▶ [Data shown]
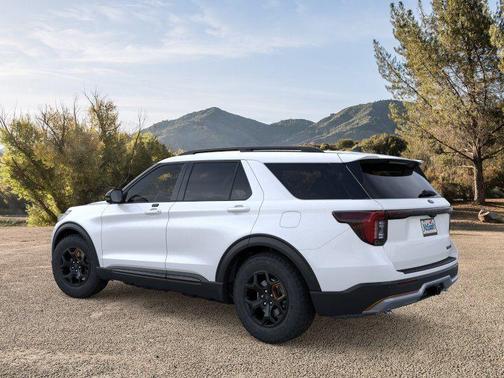 STAR WHITE MET TRI-COAT 2026 Ford Explorer Tremor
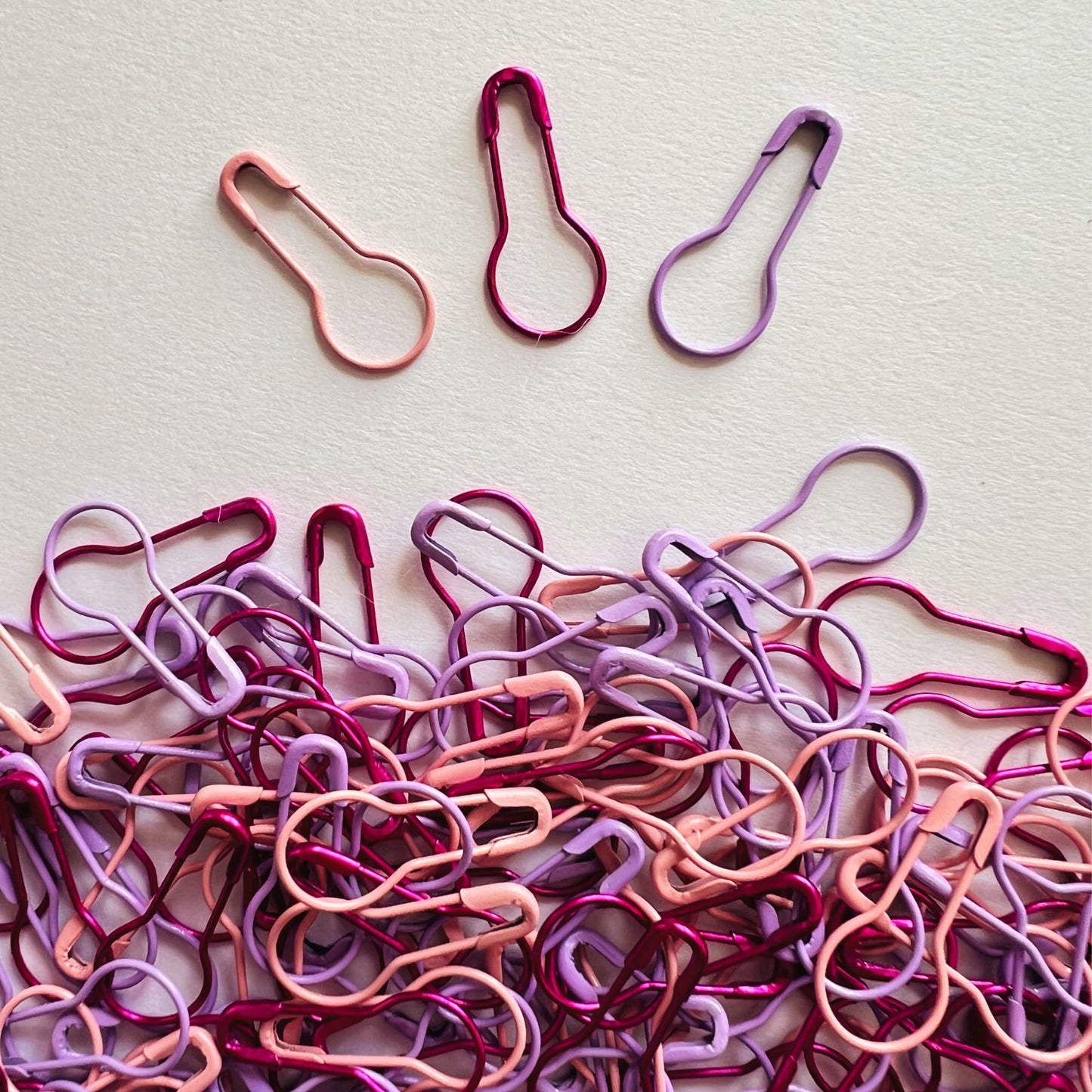 Crochet Stitch Markers - Cotton Candy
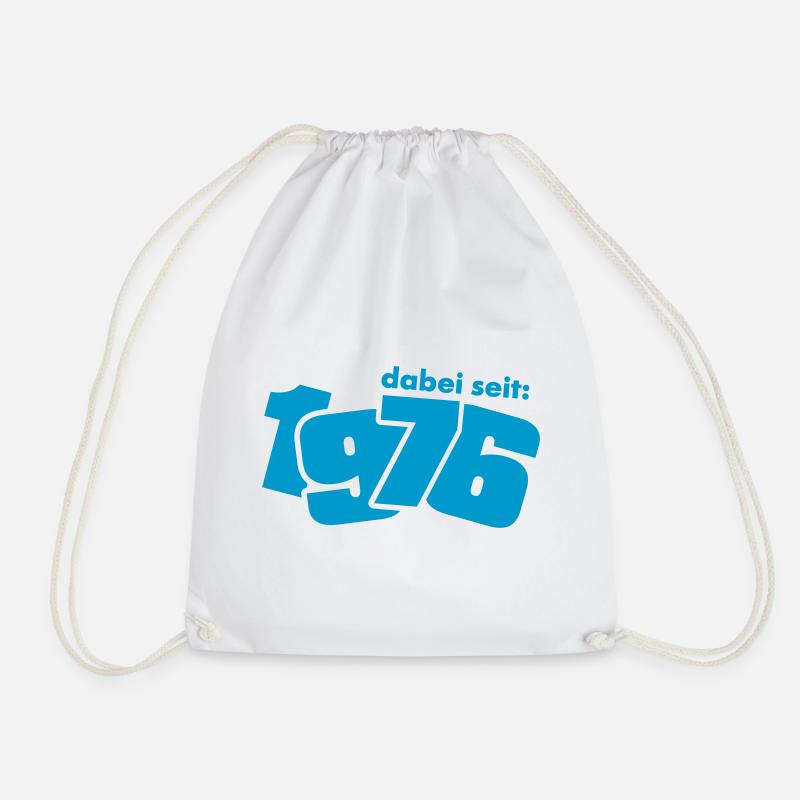 Born in 1976 - Drawstring Bag - white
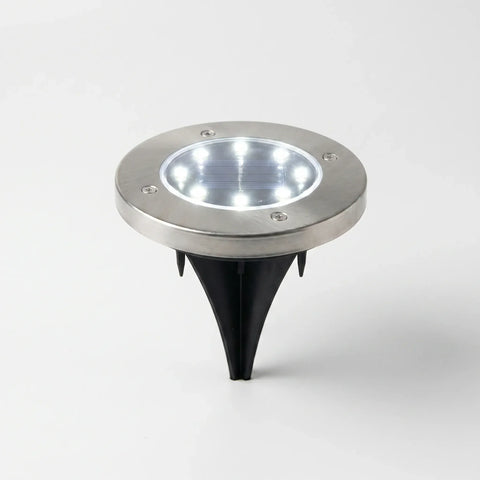 Solar Ground Lights with Multiple LED and Pack Options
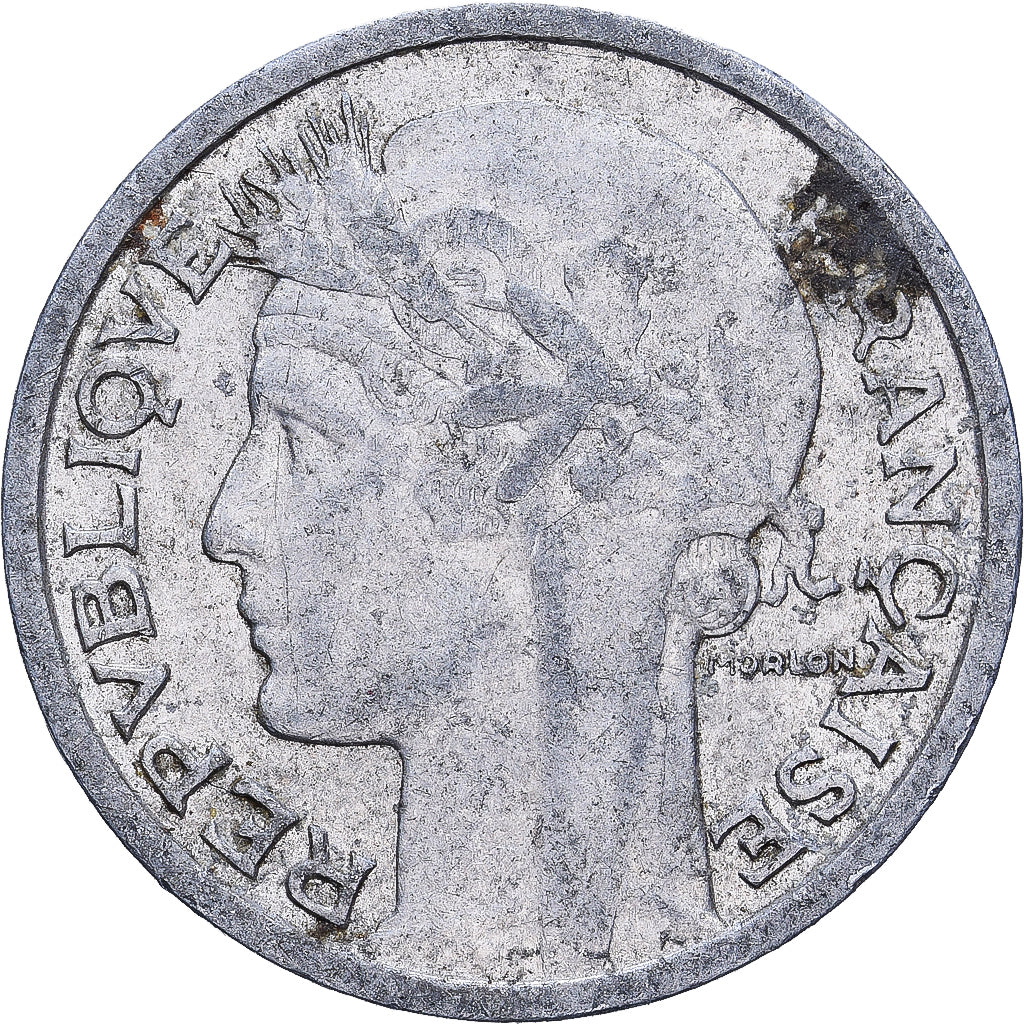 Francja, 50 Centimes, Morlon, 1946, Beaumont - Le Roger, Aluminium, VF(30-35)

▶ [Task to carry out] Please transcribe exactly the lines from the one that contains "Crochet Stitch Markers - Cotton Candy" through the closing line of the entries, with no pictures.

▶ [Your solution]
 Crochet Stitch Markers - Cotton Candy
 Born in 1976 - Drawstring Bag - white
 Solar Ground Lights with Multiple LED and Pack Options
 Francja, 50 Centimes, Morlon, 1946, Beaumont - Le Roger, Aluminium, VF(30-35)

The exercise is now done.